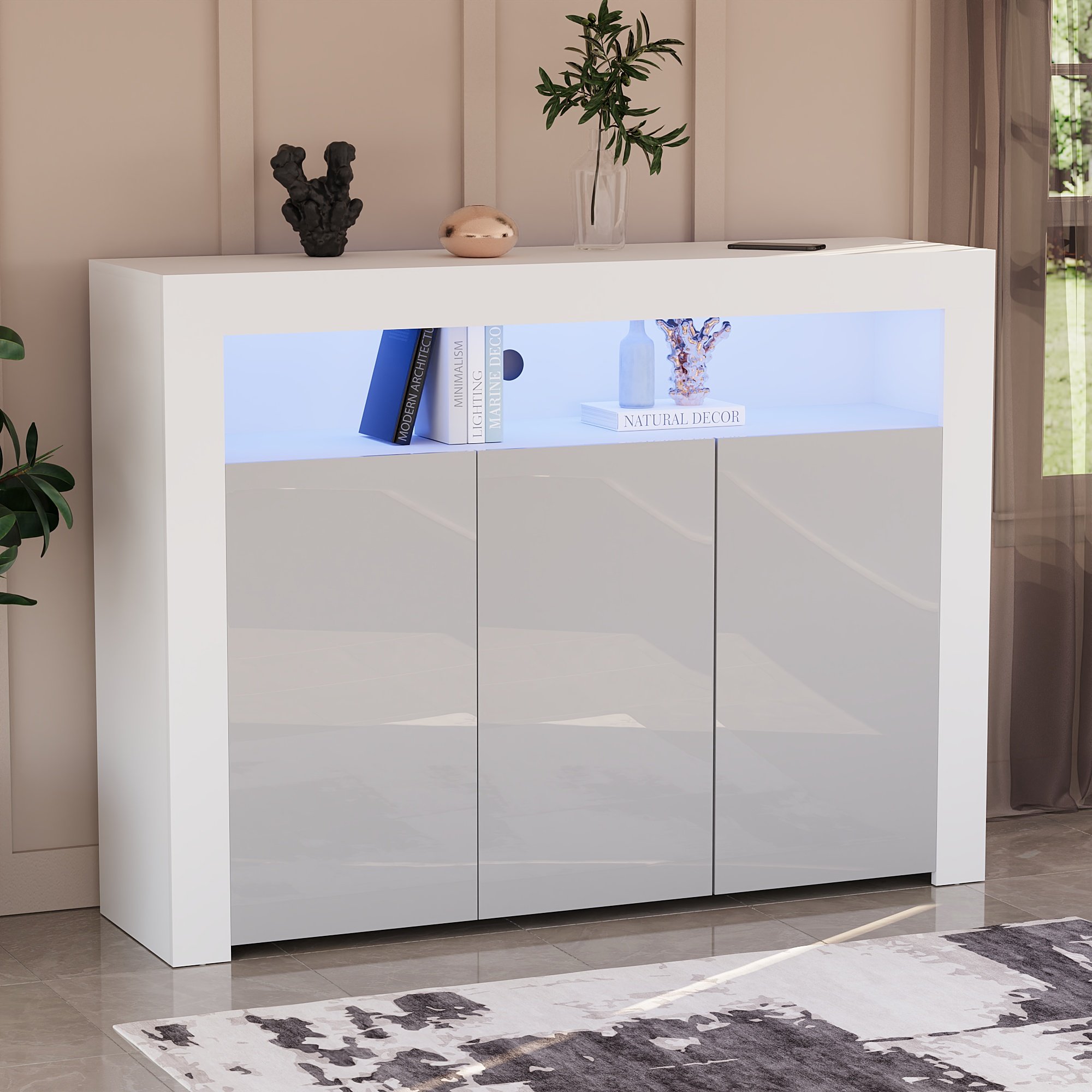 Vida Designs Nova 3 Door LED Sideboard - White & Grey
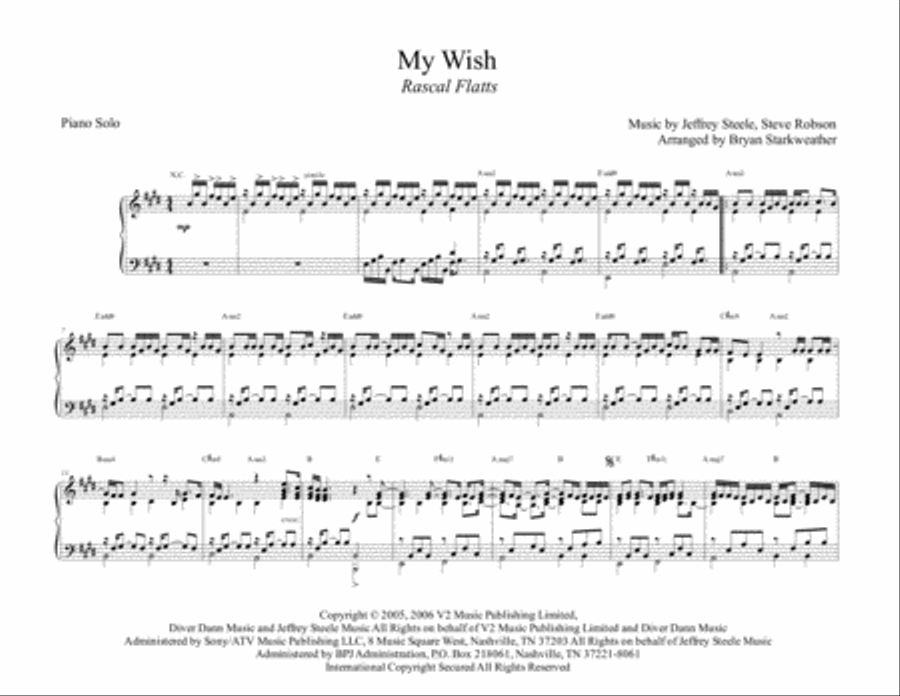 My Wish Piano Solo scores gallery preview page 1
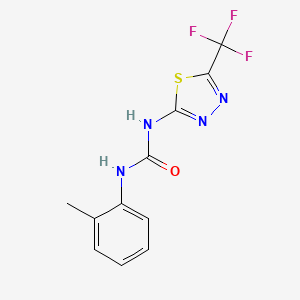 molecular formula C11H9F3N4OS B14568672 N-(2-Methylphenyl)-N'-[5-(trifluoromethyl)-1,3,4-thiadiazol-2-yl]urea CAS No. 61538-05-4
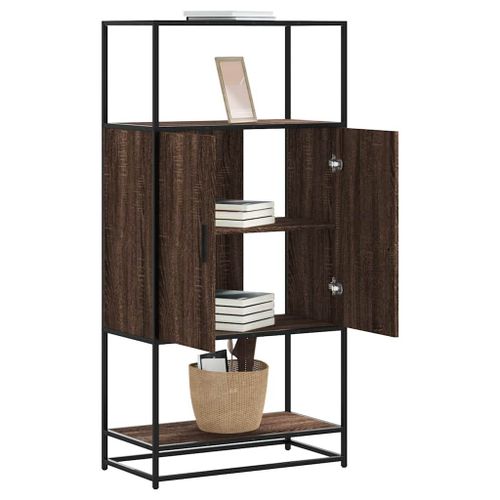 Vidaxl Buffet Haut Chêne Marron 68x35x139 Cm Bois D'ingénierie Métal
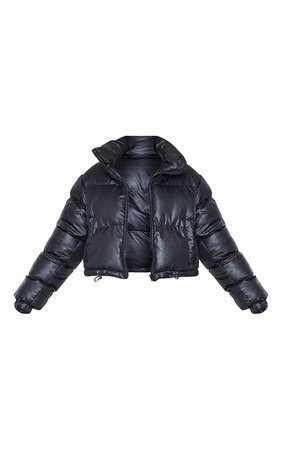 Black Nylon Toggle Hem Puffer Jacket | PrettyLittleThing USA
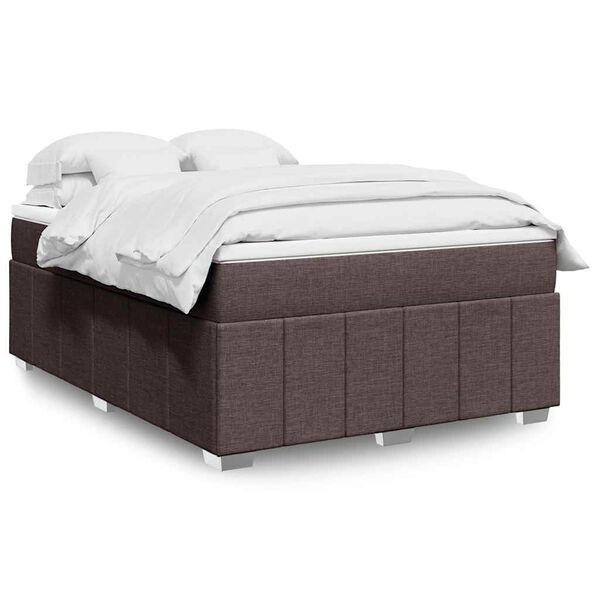 vidaXL Boxspringbett mit Matratze Dunkelbraun 140x190 cm Stoff
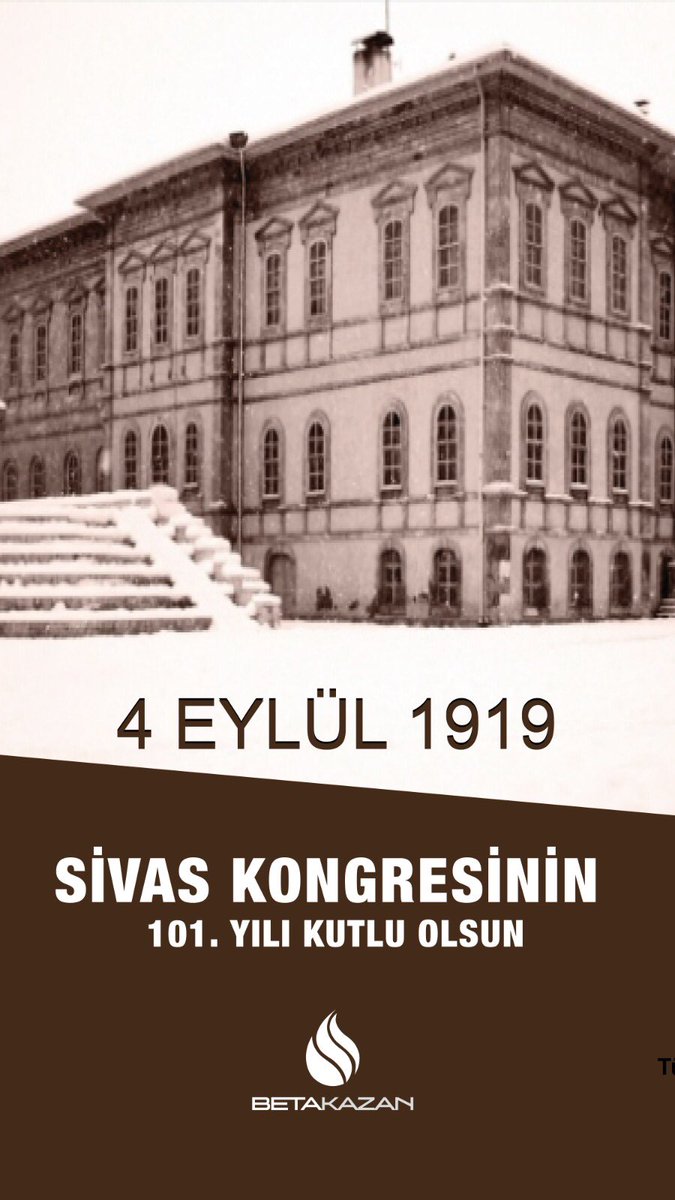 Sivas kongresinin 101. Yılı kutlu olsun.
.
#BetaKazan #Turkey #sivaskongresi101yasında #SivasKongresinin101Yılı #Sivas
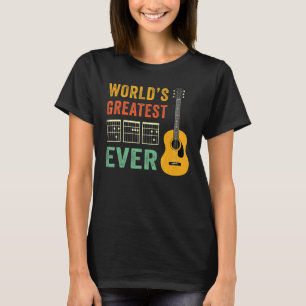 Camiseta Acorde retro do pai do jogador de violão de Mens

========================================================================

- **Exercise instructions**
The reply should contain all of the data above, word for word, with no pictures.

- **Written solution**
 Vida Designs Nova 3 Door LED Sideboard - White & Grey
 My Wish Piano Solo scores gallery preview page 1
 molecular formula C11H9F3N4OS B14568672 N-(2-Methylphenyl)-N'-[5-(trifluoromethyl)-1,3,4-thiadiazol-2-yl]urea CAS No. 61538-05-4
 Vidaxl Buffet Haut Chêne Marron 68x35x139 Cm Bois D'ingénierie Métal
 Black Nylon Toggle Hem Puffer Jacket | PrettyLittleThing USA
 vidaXL Boxspringbett mit Matratze Dunkelbraun 140x190 cm Stoff
 Sivas kongresinin 101. Yılı kutlu olsun.
.
#BetaKazan #Turkey #sivaskongresi101yasında #SivasKongresinin101Yılı #Sivas
 Camiseta Acorde retro do pai do jogador de violão de Mens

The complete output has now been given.